DFlash-specific parser defaults:

Situation	Effective behavior
`--spec-type dflash` and no `--spec-draft-ctx-size`	Bee sets draft context to `256`.
`--spec-type dflash` and no explicit `-b`	Bee keeps the upstream target batch default, currently `2048`.
`--spec-type dflash` and no explicit `-ub`	Bee keeps the upstream target microbatch default, currently `512`.
You pass explicit `-b` or `-ub`	Bee keeps your values.

DFlash no longer lowers the target batch defaults at parse time. If memory is tight, lower -b or -ub explicitly after measuring the model, context, KV type, and draft placement.

KV Cache Precision

K and V cache precision are independent:

--cache-type-k turbo4 --cache-type-v turbo3_tcq
--cache-type-k q8_0   --cache-type-v turbo3_tcq
--cache-type-k f16    --cache-type-v f16

Accepted KV cache type names in the current parser include:

Family	Values
Floating	`f32`, `f16`, `bf16`
Upstream quantized	`q8_0`, `q4_0`, `q4_1`, `iq4_nl`, `q5_0`, `q5_1`
Bee/Turbo lineage	`turbo2`, `turbo3`, `turbo4`, `turbo2_tcq`, `turbo3_tcq`

Bee fork cache storage:

Type	Storage	Best first use
`turbo4`	`4.125` bpv	Strong first compressed K-cache candidate.
`turbo3`	`3.125` bpv	More compression than `turbo4`; uses `QK_TURBO3 = 128` in Bee.
`turbo2`	`2.125` bpv	Stronger compression, higher quality risk.
`turbo3_tcq`	`3.25` bpv	TCQ path, commonly useful for V in Bee experiments.
`turbo2_tcq`	`2.25` bpv	Most compressed TCQ path; verify carefully.

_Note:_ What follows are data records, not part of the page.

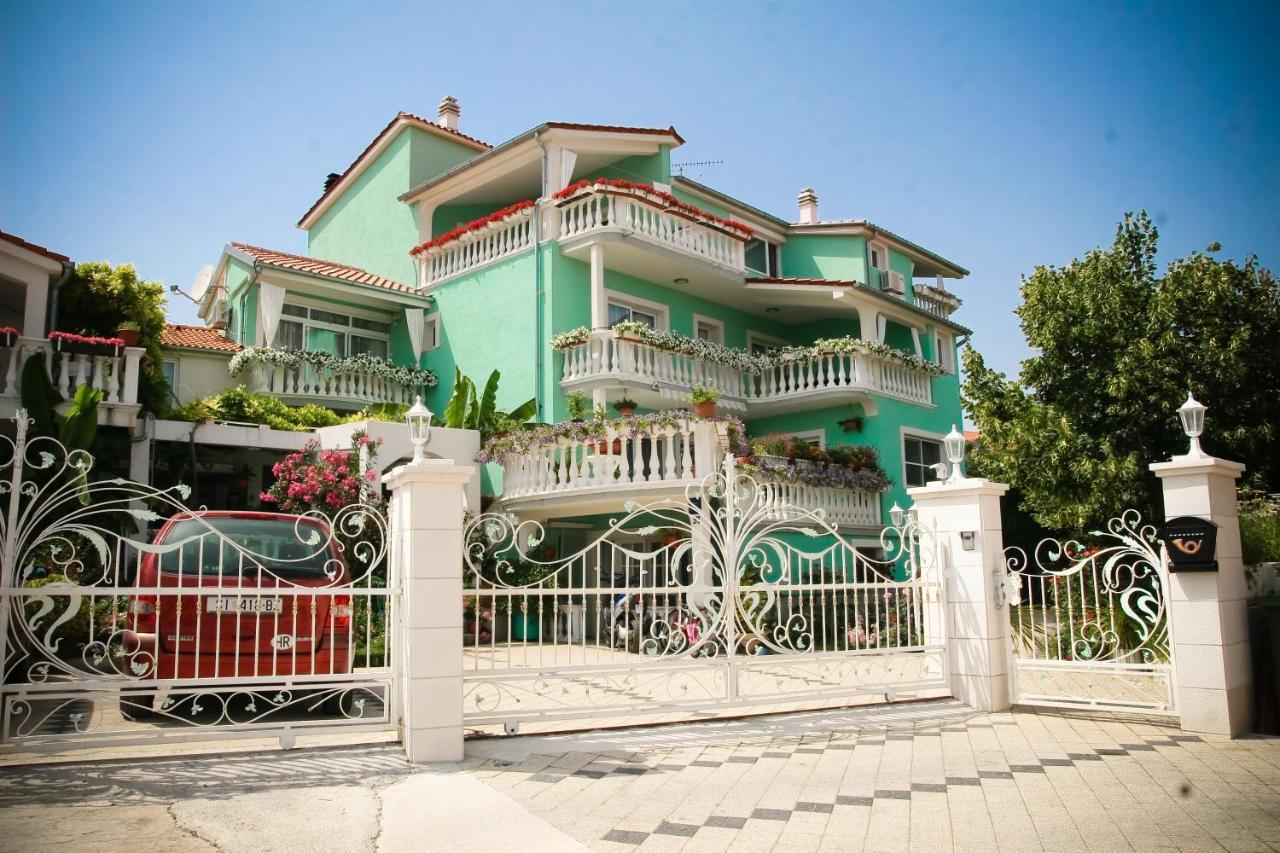 Apartments Katarine Zrinske Vodice Bagian luar foto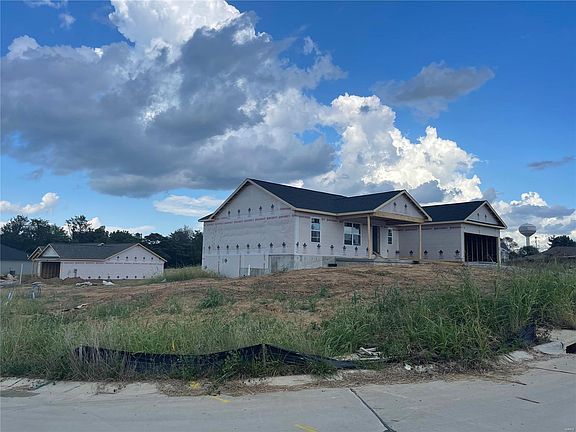 2nd image of 2520 Cortland Dr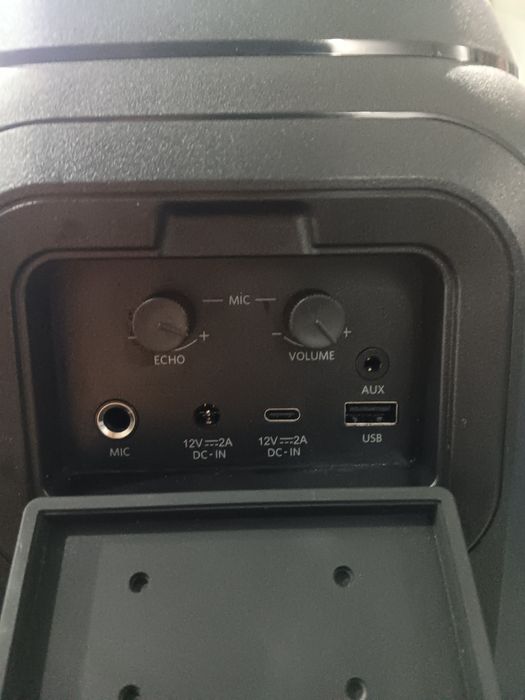 Vând boxă hisense mai multe detalii în privat și nu trimit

For current long-context Qwen and Gemma DFlash serving, the common asymmetric choice is:

--cache-type-k q5_0 --cache-type-v q4_0

Do not assume enum compatibility with TheTom's public TurboQuant fork. Bee uses the buun enum order for Turbo/TCQ cache types while keeping a 128-value turbo3 block. Bee keeps TCQ cache IDs at 45 and 46; Tom's TQ3_1S and TQ4_1S model weight formats use new GGML type IDs 47 and 48.

Model Weight Quantization

Tom's TQ3_1S and TQ4_1S are model weight formats, not KV-cache types. Use them through llama-quantize:

llama-quantize model.f16.gguf model.tq3_1s.gguf TQ3_1S
llama-quantize model.f16.gguf model.tq4_1s.gguf TQ4_1S

The CLI file-type IDs are 43 for TQ3_1S and 44 for TQ4_1S; the serialized GGML type IDs are 47 and 48. This avoids interpreting existing Bee/Buun TCQ cache tensors as Tom weight tensors. The current port includes CPU quantize/dequantize and CPU fallback matmul support; backend acceleration is not claimed unless that backend has been built and tested separately.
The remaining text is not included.